The split referenced in the title of A Separation happens right up front in the opening frames, but turns out to be just the first little domino that sets off a very sad chain of events. The dissolution of a marriage is actually the problem with the lowest stakes. Simin initiates the divorce because her husband Nader refuses to move with her and their daughter Termeh out of Iran because Nader insists on staying to care for his father, who is suffering from Alzheimer's. Simin remains in town, but does move out of the family home, forcing Nader to hire a caretaker for his father while he's away at work. And that's where the real trouble begins.

I won't give away everything that happens, because I want to encourage people to see this movie. But I will say that grudges soon develop between Nader and the caretaker (Razieh), drawing both of their families into an escalating web of accusations and consequences.

This movie won the Oscar for Best Foreign Language Film for 2011, and it's not hard to understand why. It comments on so many aspects of Iranian culture, from religion to gender roles to health care to the justice system, and handles them all with aplomb. It is decidedly not a joyful romp; each and every character is really put through the wringer. But there's no denying that it's a riveting story, and contains some really haunting performances.

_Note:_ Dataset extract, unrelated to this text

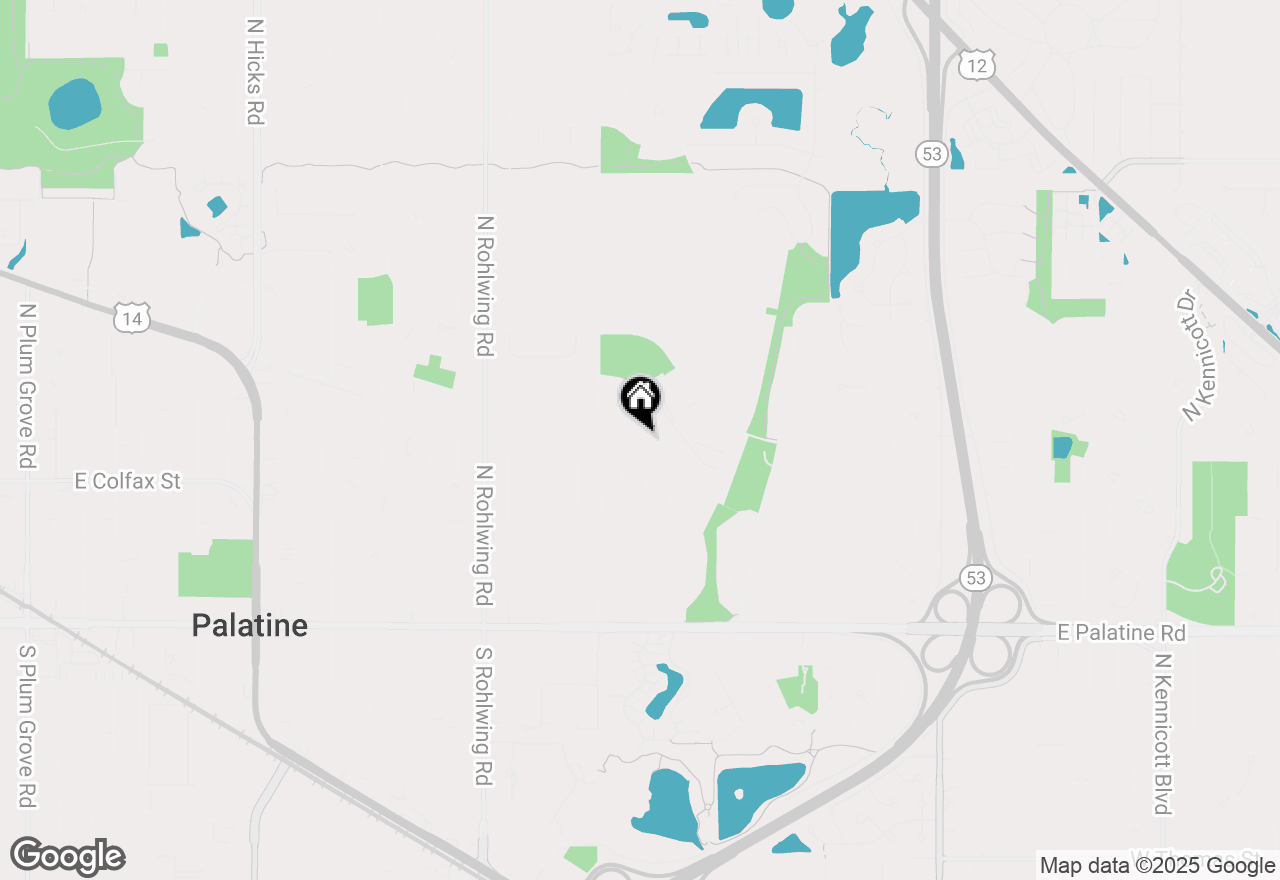 Map of 315 N Lytle Drive, Palatine, IL 60074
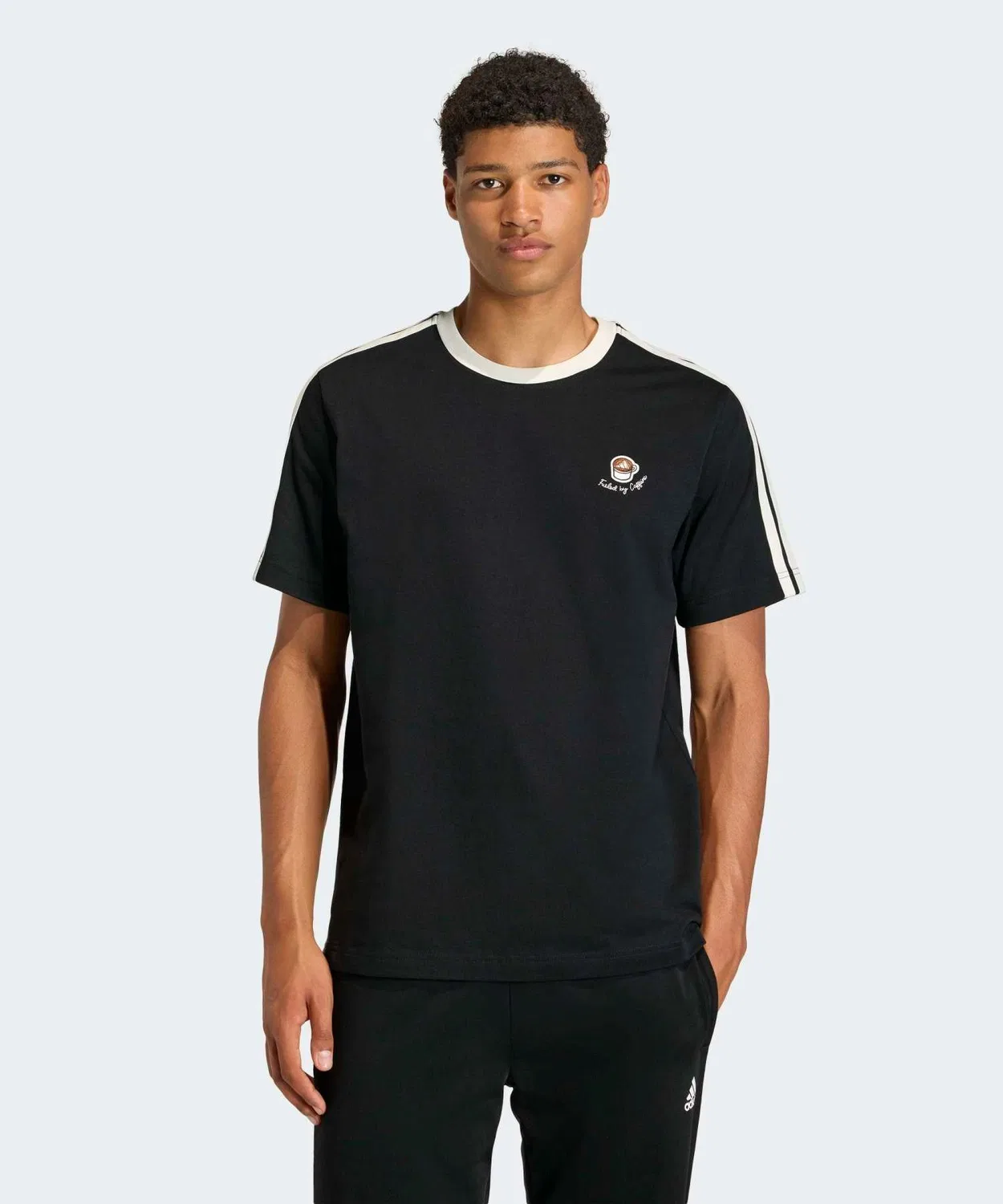 Мужская футболка с принтом Lax Coffee Cafe Cup Graphic Adidas, Black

I often skip a lot of acclaimed foreign movies, not because I'm fiercely protective of American cinema, but because it often seems like the only movies to make their way here from other shores are in some sort of competition to see who can be the most hopeless and bleak. While A Separation certainly trades in unhappiness, it does so in a way that fascinates, rather than repels. While it may have been a difficult watch, it was definitely a worthwhile one.